Enfin c'est là le vrai moyen de faire impunément tout ce
que je voudrai. Je m'érigerai en censeur des actions d'autrui,
jugerai mal de tout le monde, et n'aurai bonne opinion que de
moi. Dès qu'une fois on m'aura choqué tant soit peu, je ne
pardonnerai jamais et garderai tout doucement une haine
irréconciliable. Je ferai le vengeur des intérêts du
Ciel, et, sous ce prétexte commode, je pousserai mes ennemis,
je les accuserai d'impiété, et saurai déchaîner
contre eux des zélés indiscrets, qui, sans connaissance de
cause, crieront en public contre eux, qui les accableront
d'injures, et les damneront hautement de leur autorité
privée. C'est ainsi qu'il faut profiter des faiblesses des
hommes, et qu'un sage esprit s'accommode aux vices de son siècle.

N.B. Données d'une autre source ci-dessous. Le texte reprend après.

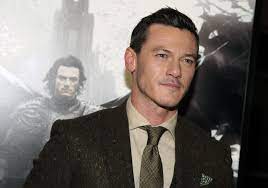 How popular is the baby name evans? National Coming Out Day Luke Evans Acknowledges He S Gay In Interview Time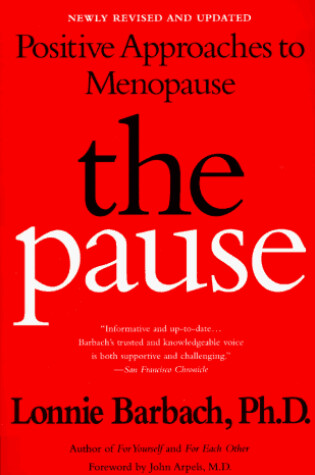 Cover of The Pause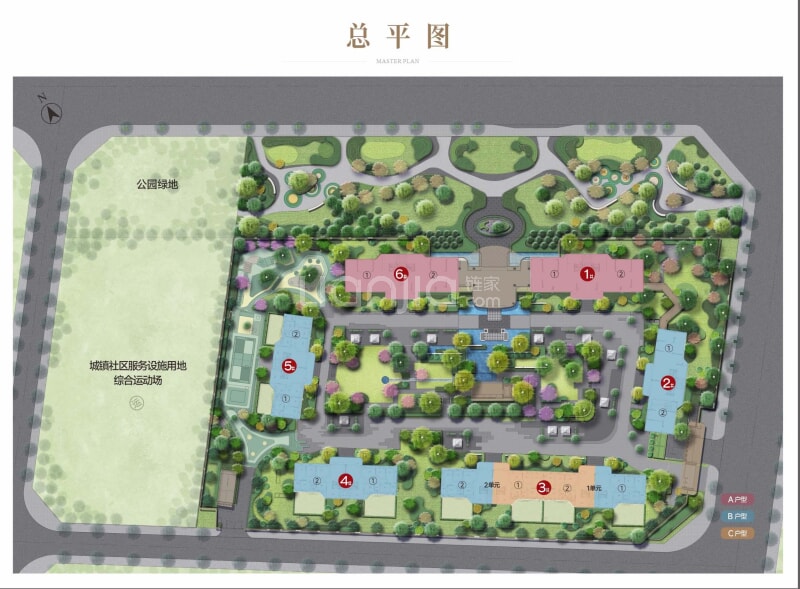 正成红麓书院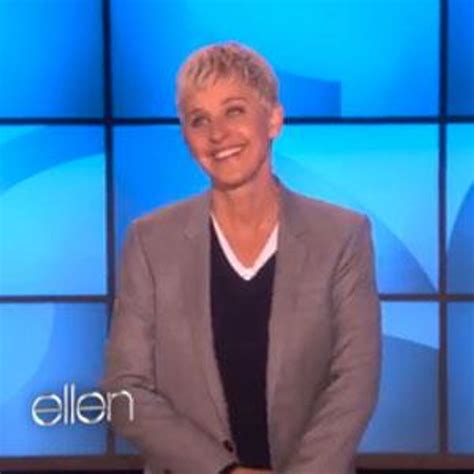 Ellen Degeneres Weighs In On Prop 8 Jcpenney And One Million Moms Video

SGANARELLE: O Ciel! qu'entends-je ici? Il ne vous manquait plus
que d'être hypocrite pour vous achever de tout point, et
voilà le comble des abominations. Monsieur, cette
dernière-ci m'emporte et je ne puis m'empêcher de parler.

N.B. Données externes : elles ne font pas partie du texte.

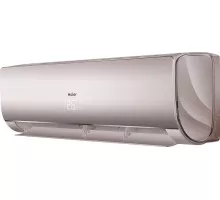Сплит-система с инверторным управлением HAIER AS24NS3ERA-G  серия Lightera золотой 1U24GS1ERAG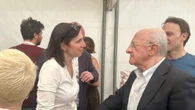 Incontro Conte-Schlein-De Luca, tavolo su candidato Campania
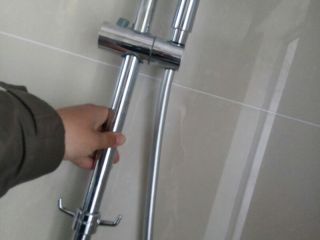 安装工程 验收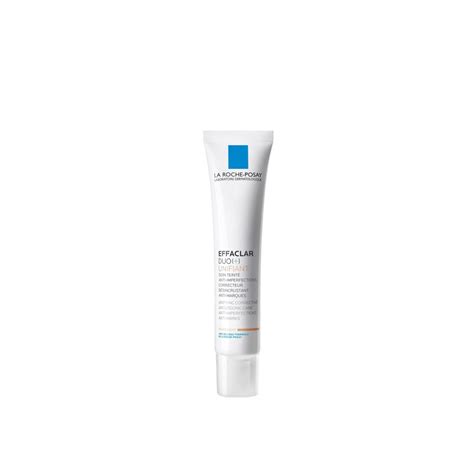 Buy La Roche-Posay Effaclar Duo+ Unifying Corrective Care · Serbia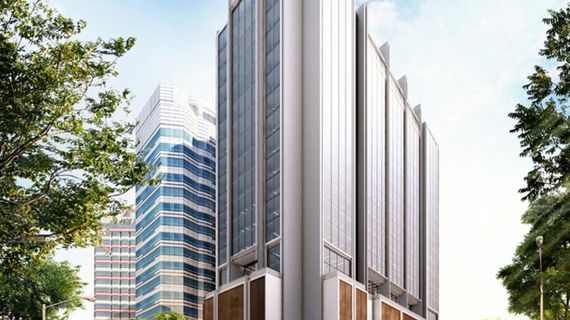 Khi Doanh nghiệp Quốc gia trở thành tài sản chiến lược của đất nước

Faites-moi tout ce qu'il vous plaira, battez-moi, assommez-moi de
coups, tuez-moi, si vous voulez: il faut que je décharge mon
cur, et qu'en valet fidèle je vous dise ce que je dois.
Sachez, Monsieur, que tant va la cruche à l'eau, qu'enfin elle
se brise; et comme dit fort bien cet auteur que je ne connais
pas, l'homme est en ce monde ainsi que l'oiseau sur la branche;
la branche est attachée à l'arbre; qui s'attache à
l'arbre, suit de bons préceptes; les bons préceptes valent
mieux que les belles paroles; les belles paroles se trouvent à
la cour; à la cour sont les courtisans; les courtisans suivent
la mode; la mode vient de la fantaisie; la fantaisie est une
faculté de l'âme; l'âme est ce qui nous donne la vie; la
vie finit par la mort; la mort nous fait penser au Ciel; le ciel
est au-dessus de la terre; la terre n'est point la mer; la mer
est sujette aux orages; les orages tourmentent les vaisseaux; les
vaisseaux ont besoin d'un bon pilote; un bon pilote a de la
prudence; la prudence n'est point dans les jeunes gens; les
jeunes gens doivent obéissance aux vieux; les vieux aiment les
richesses; les richesses font les riches; les riches ne sont pas
pauvres; les pauvres ont de la nécessité; nécessité
n'a point de loi; qui n'a point de loi vit en bête brute; et,
par conséquent, vous serez damné à tous les diables.
DOM JUAN: O le beau raisonnement!
SGANARELLE: Après cela, si
vous ne vous rendez, tant pis pour vous.